====== Data block

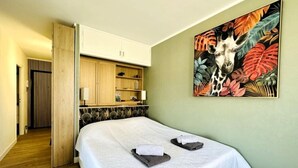 Ein Hotelzimmer mit Bett, Schrank, einem Gemälde und einer Tür zu einem anderen Raum.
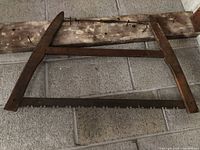 Full view of the antique bow saw showing its wooden frame and metal blade with rust.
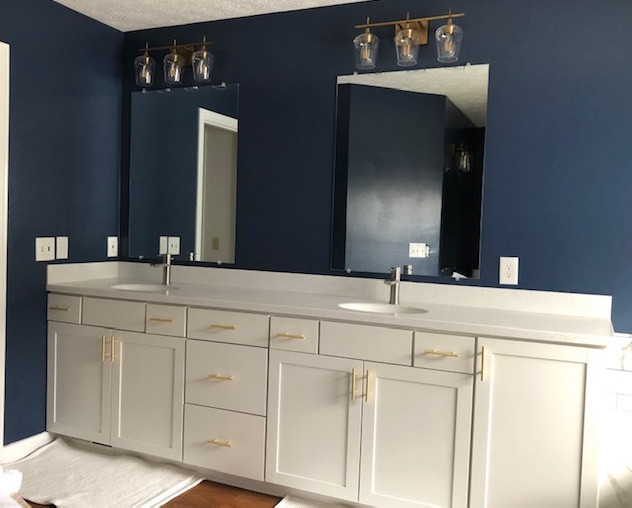 Свежая идея для дизайна: большая главная ванная комната в стиле модернизм с фасадами в стиле шейкер, белыми фасадами, гидромассажной ванной, двойным душем, унитазом-моноблоком, белой плиткой, керамической плиткой, синими стенами, полом из ламината, монолитной раковиной, столешницей из искусственного камня, коричневым полом, открытым душем и разноцветной столешницей - отличное фото интерьера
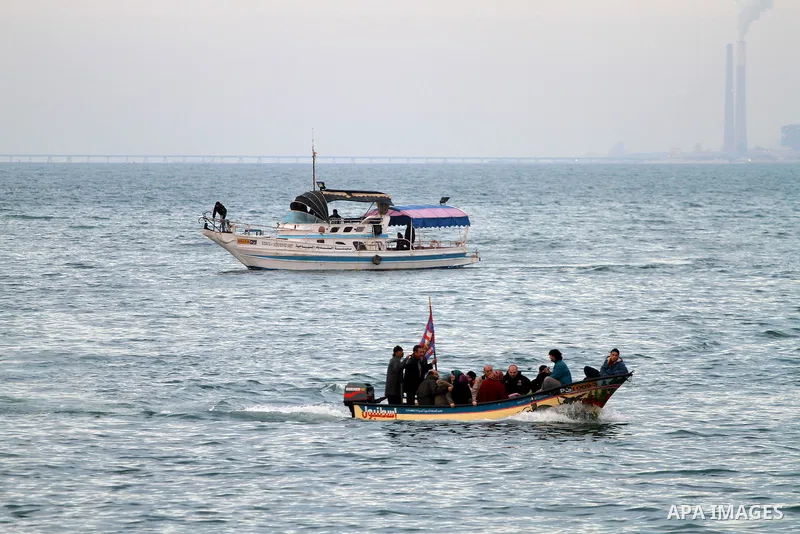 Palestinian men ride their boat near the beach during sunset ,in Gaza City on Feb. 04, 2012. Photo by Mohammed Asad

============

- _The problem_:
Each line, from the beginning of the listing to the line bearing "Full view of" inclusive, should be copied exactly; the pictures stay out.

- _Expected answer_:
 Ein Hotelzimmer mit Bett, Schrank, einem Gemälde und einer Tür zu einem anderen Raum.
 Full view of the antique bow saw showing its wooden frame and metal blade with rust.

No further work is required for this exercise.